▶ PROBLEM STATEMENT
Where the line containing "向榜樣看齊，做合格黨員" appears in the records below, begin there and repeat each line exactly through the final one, dropping all pictures.

=== Begin Enclosure ===

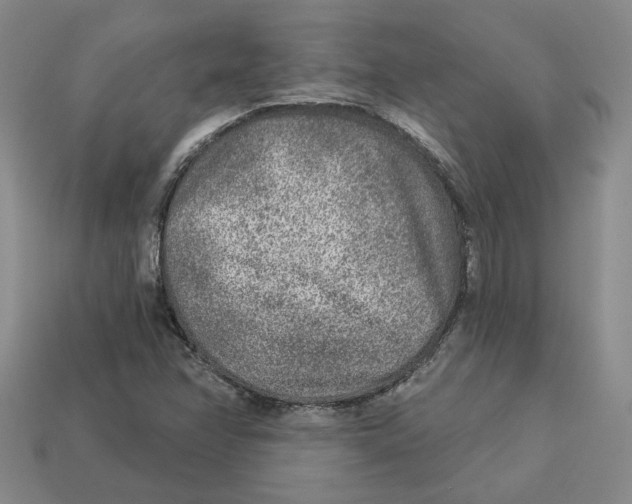 X0000113021358200909241626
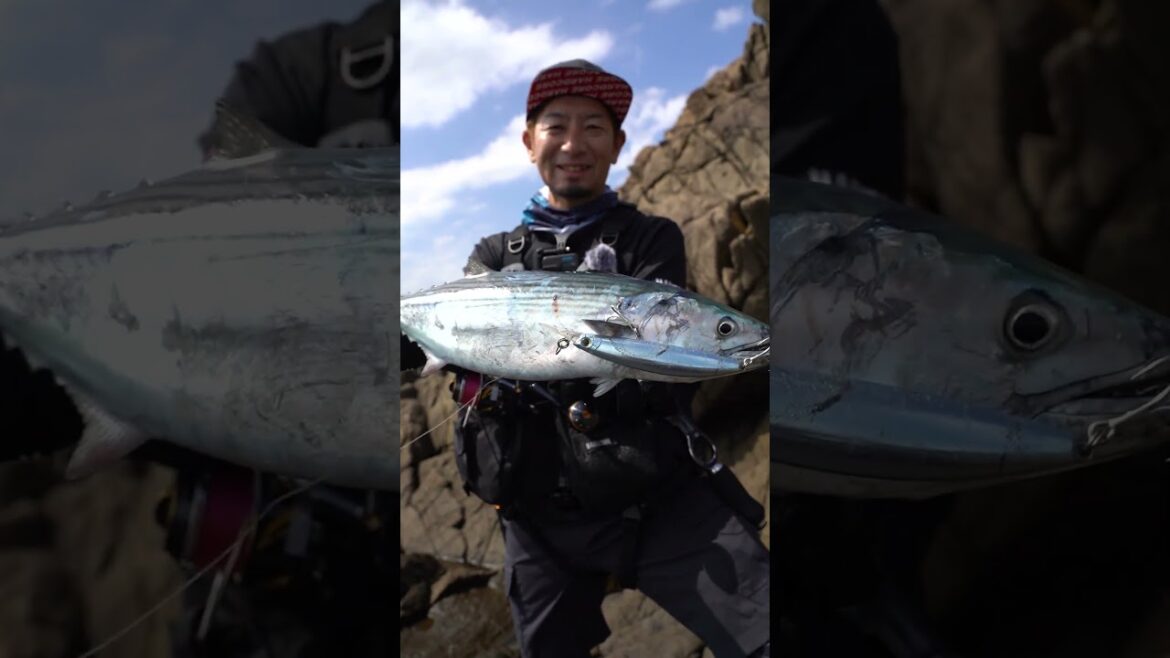 カツオを狂わせるバレットファスト!! #ハードコア #ロックショア #BULLETFAST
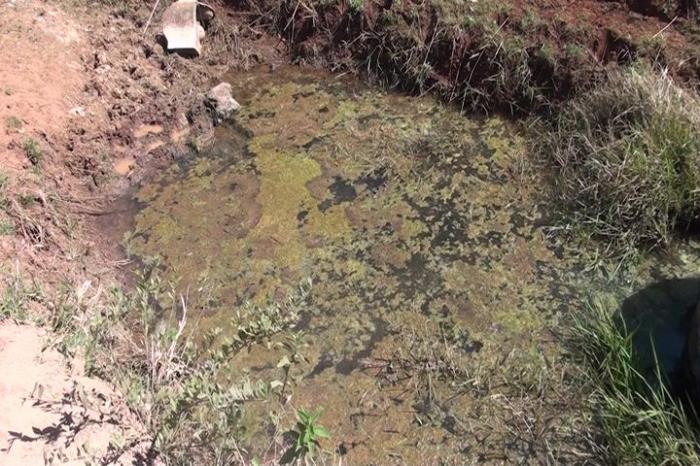 Grande quantidade de peixes morrem em decorrência da poluição no Rio Paranaíba em Patos de Minas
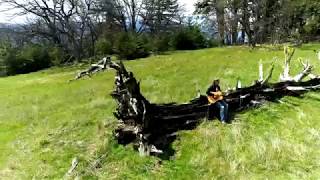 Alice DiMicele - Nature Reigns (OFFICIAL Video)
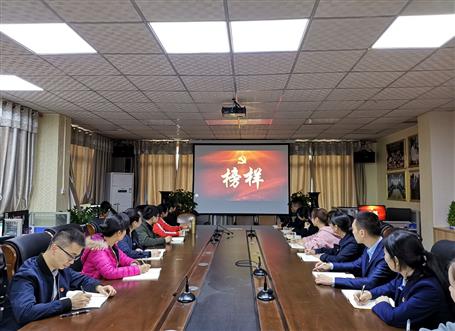 向榜樣看齊，做合格黨員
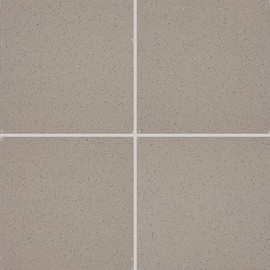 Daltile Quarry Textures 8" x 8" Floor Tile in Abrasive Ashen Gray (25 PC per Carton) (11.11 SQFT per Carton)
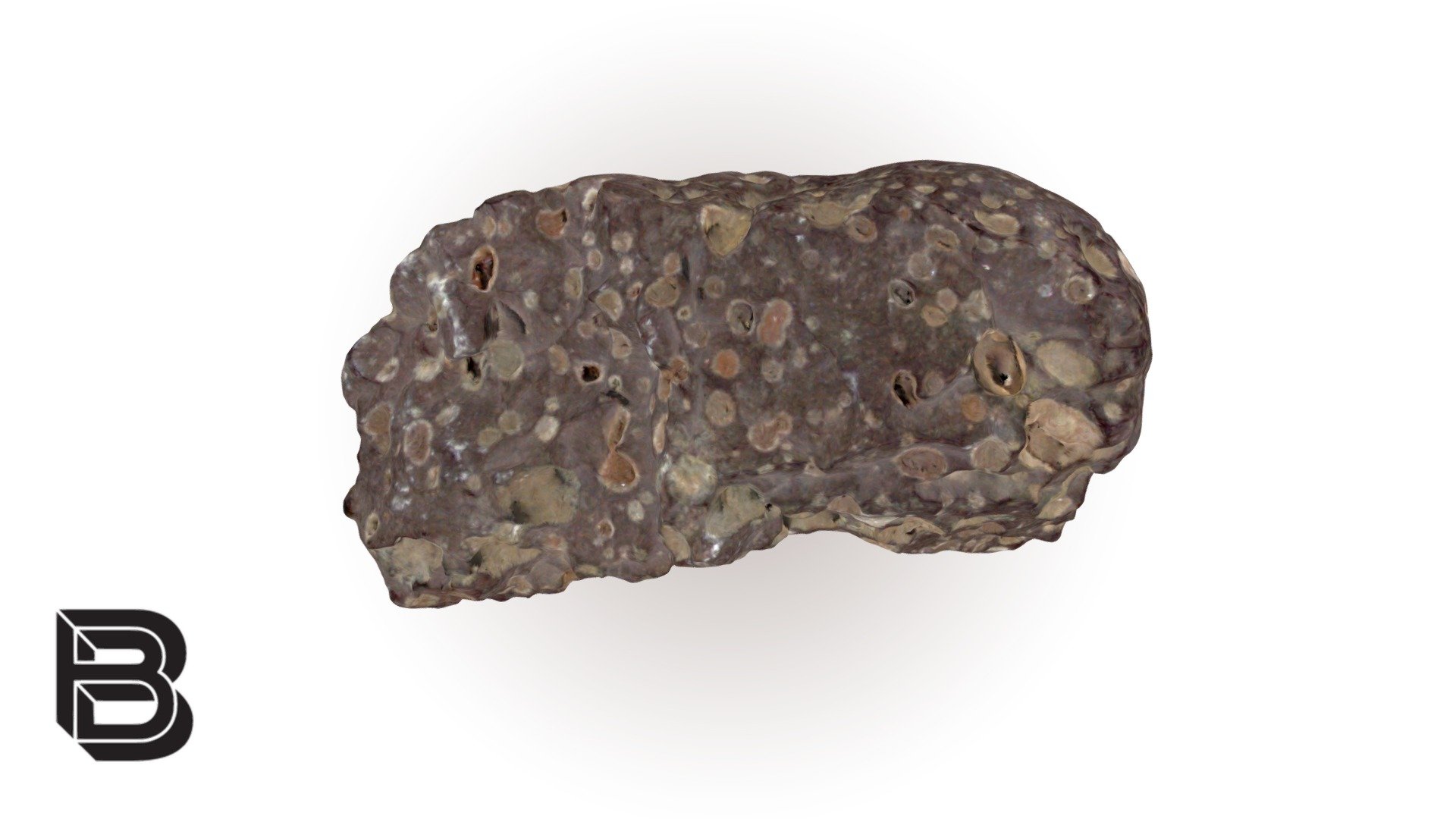 Vesicular Basalt - 3D model by The Bishop Museum of Science and Nature ...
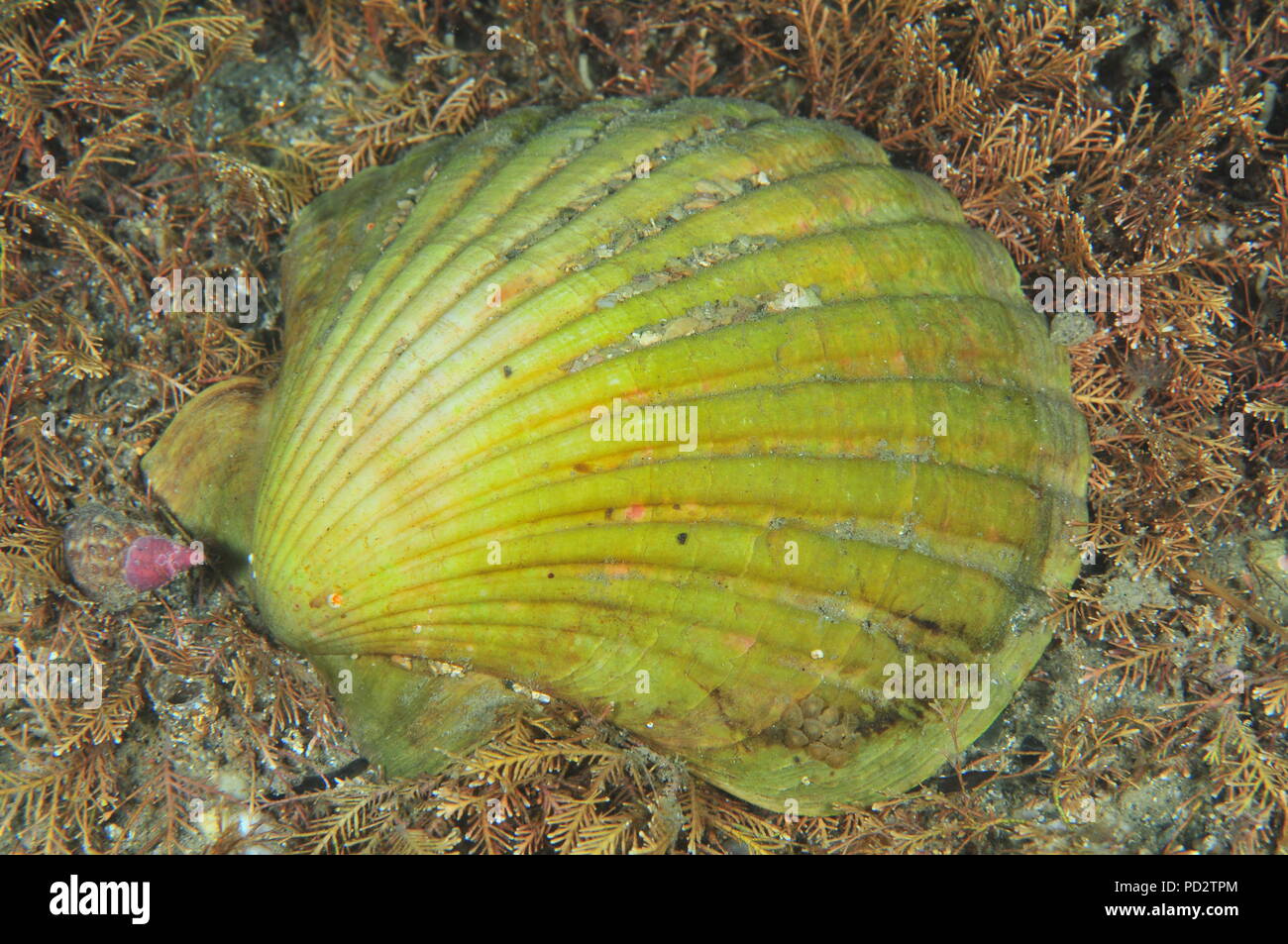 Unusually colored scallop shell on dense layer of short brown sea weeds on flat bottom. Stock Photo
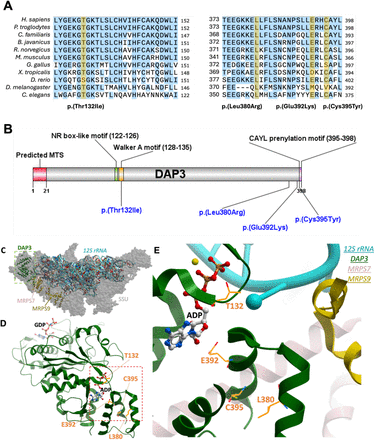 Figure 2:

=== End Enclosure ===

▶ RESPONSE TO THIS TASK
 向榜樣看齊，做合格黨員
 Daltile Quarry Textures 8" x 8" Floor Tile in Abrasive Ashen Gray (25 PC per Carton) (11.11 SQFT per Carton)
 Vesicular Basalt - 3D model by The Bishop Museum of Science and Nature ...
 Unusually colored scallop shell on dense layer of short brown sea weeds on flat bottom. Stock Photo
 Figure 2:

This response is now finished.